The surviving started before I even left the country. It began about two months beforehand, when I told him my plans about going to South America. For half a year.
We'd already been doing medium- distance thing for a while now, ever since he moved from Sydney to Newcastle for a work opportunity he couldn't pass up. And there I was daring to put even more miles between us. Miles and oceans and time zones.
1. Why
The first thing he needed to get straight was "Why?"
Why now?
Why by yourself?
I answer all the above in a previous post here.
2. Set behavioural expectations
For some people, long-distance relationships are an easy-ticket to open relationships. If you're one of them, say so. If you're not, say so. Set an agreed level of behaviour so there's no second guessing if they'd approve you doing a, b, or c with x, y or z.
3. Set communication expectations
Facetime
Skype
Email
Text
Whatsapp
Viber
Facebook Messenger
Snapchat
Postcards
Snail mail
Agree on preferred methods of communication. If it's a combination of the above, specify which ones, and how often. Get your sim cards and logins sorted so you're not sending messages to an account they don't regularly check or can't remember the password to.
On top of calculating time differences, you also need to account for differences in internet access itself. The traveller will have it intermittently, while the stayer will have it almost constantly. Does that mean they don't have to message the other person everyday? Maybe yes. Maybe no. Just make sure you set the expectation. Don't assume you're both on the same page. Like I did.
At the start of my holiday I went days and days camping without internet access, expecting to arrive at the next hotel (motel, Holiday Inn) to a bunch of long messages about his days. Messages to the same mundane effect as what we'd normally exchange on a daily basis. What we had for breakfast. How our morning coffee tasted. How our sleep was. How our day at work went. What's cooking for dinner. Yada, yada.
Although boring - what these messages would have ultimately indicated was that he was at least thinking of me.
Meanwhile, my heart would beat with giddiness typing in complicated wi-fi passwords, expecting my phone to be inundated with alerts once connected. But to my dismay, there was often nothing. A few lines, if I was lucky. An "I love you" or "I miss you." They came across as unfeeling, robotic. Yet what I really wanted to know was how his haircut went. Did he get his mobile bill sorted? Did he submit his assignment on time?
In my mind, if he had stopped confiding in me about the little things - he must have also stopped confiding in me about the big things. Left to draw my own conclusions, I started jumping to worst case scenarios. Was I replaced by another female real-time listener?
I was only a few weeks into my holiday, and couldn't believe we were already falling apart.
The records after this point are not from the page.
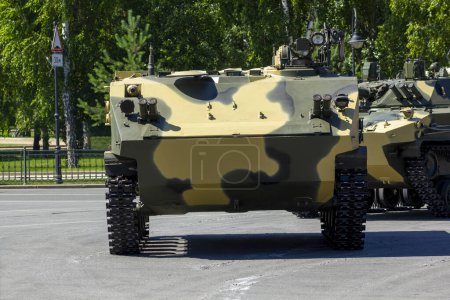Téléchargez les photos : "Véhicules militaires russes sur la place de la ville. Véhicule de combat d'infanterie russe BMP et véhicule blindé de transport de troupes BTR." - en image libre de droit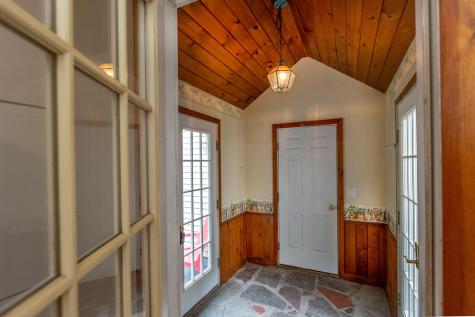 15 Reginald Street Auburn ME 04210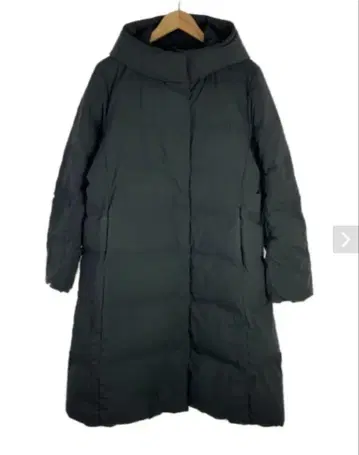 UNIQLO 심리스 다운 M 사이즈 시착만 한 상품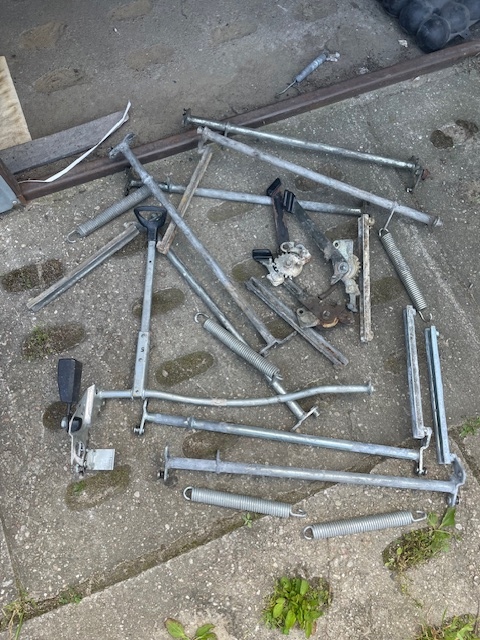 Mechanizm regulacji Fotela Mercedes 107 380SL i 560SL Lewy lub prawy - obrazek 3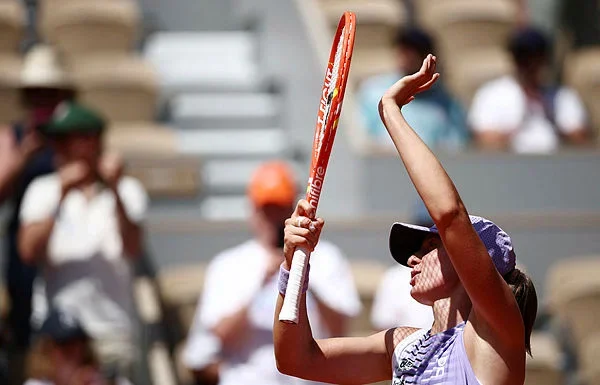 Swiatek and Rybakina ease into French Open second round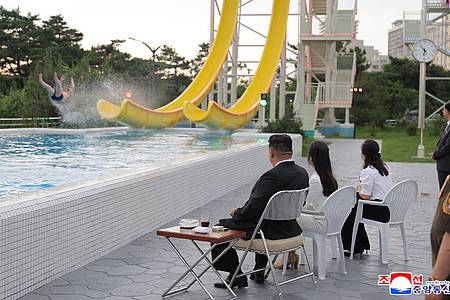 ---/KCNA via YNA/dpa | Machthaber Kim Jong Un weiht eine neue Touristenanlage an der nordkoreanischen Ostküste ein.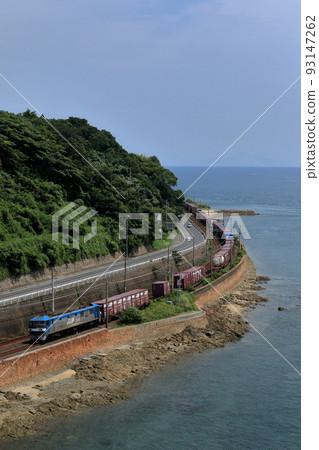 沿瀨戶內海行駛的山陽本線貨運列車 沿瀨戶內海行駛的山陽本線貨運列車 93147262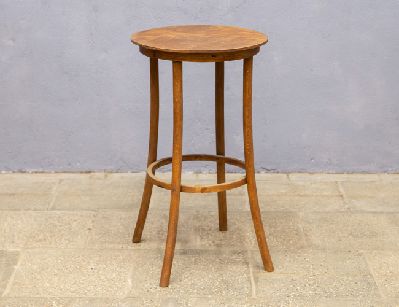 Старинный круглый столик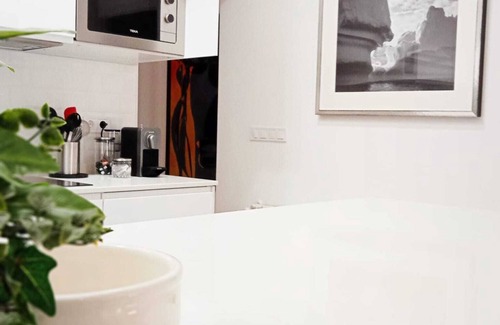 Centro Condo | Upmarket & Elegant 2 bed/2 bath in Central Madrid
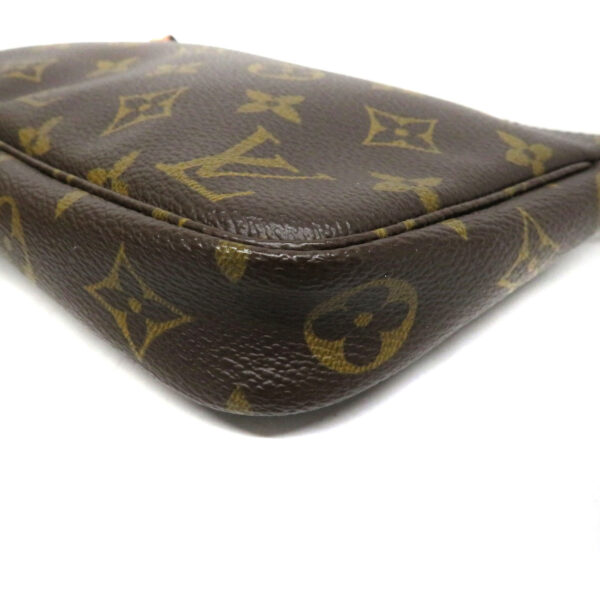 23074755 Louis Vuitton Pochette Accessoire Monogram Handbag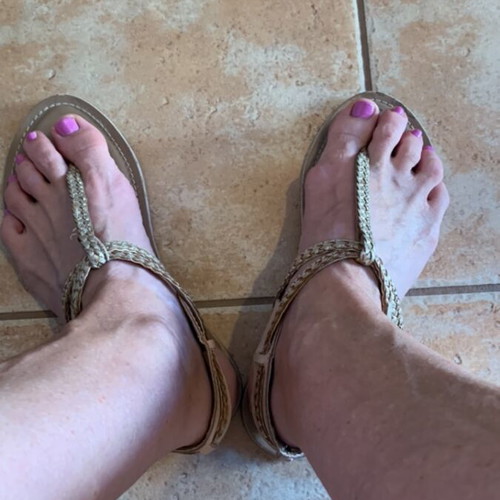Accessorize gold leather sandals, size 38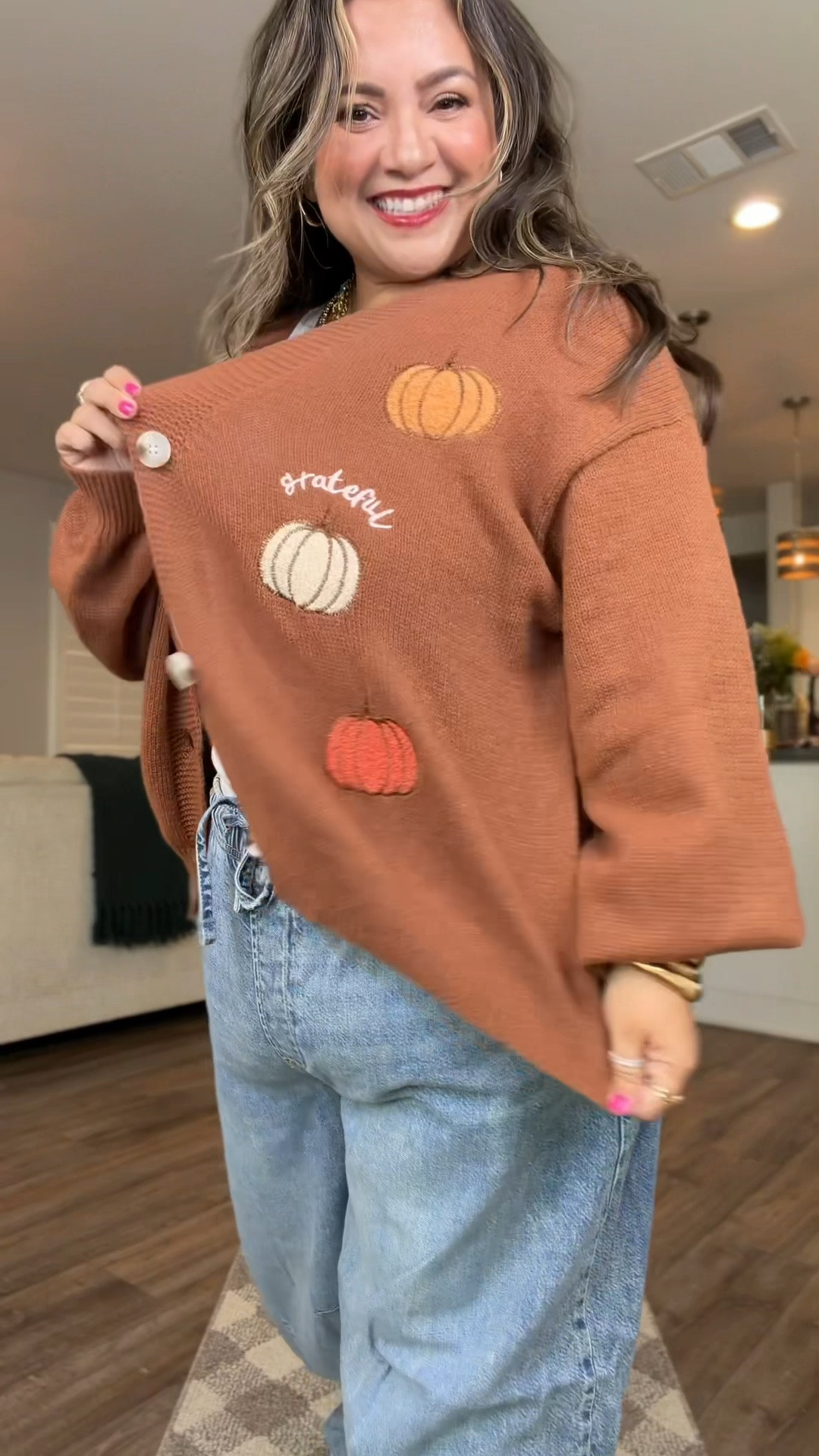 🎃The cutest fall cardigan you’ll LIVE in!🍂 Soft,cozy and so easy to throw on for the perfect fall fit.🤎

#LTKootd #LTKSeasonal #LTKmomlife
Especially after leaving on such a high note believing we could make it work.
I brought it up by comparing (i.e. complaining) that a female friend on the tour was practically flooded with messages by her significant other.
He defended that he actually did have stuff going on. Work dramas. Housemate dramas. MBA dramas. But he chose to keep them to himself so as not to ruin my holiday. I mean, the nerve! How dare he care about me so much as to censor the things that were going on in his life!
Seeing things from his perspective, I had to set the record straight. Just because I was on the other side of the world, didn't mean I wanted to stop being there for him. After all, supporting each other is one of the fundamentals of being in a relationship. If that stopped, what was the point of staying together? I had to reassure him that within reason, just because he was having a bad day, did not mean I would impose a bad day upon myself.
Once we got that sorted, we settled into a rhythm.
We Facetimed when my internet access allowed it to. When it was slow we'd Whatsapp instead. On days we weren't live streaming, he now sent me messages - everything from the banal to the bizarre. In turn, I drafted emails (i.e. rants that kept me sane) to him while on the road. I'd send these in bulk when I finally got the chance, providing him with some not-so-light reading material. Before leaving each site from which there was internet, I gave him my itinerary for the next few days, and approximately how long it would be until the next biggish town with probable chance of wi-fi.
Now I've been back for almost five months, and needless to say we're glad to have each other back. Caught in the cross-fire of my personal dreams to travel South America, my time overseas served as a survival test for our relationship. Instead of drifting apart and setting us back, we feel like we've gone up a relationship level (or two). It allowed us to prove our commitment to each other - and with it the confidence to overcome the remainder of obstacles that life will throw at us.
Wishing each other a good morning from Brazil, and a good night from Australia.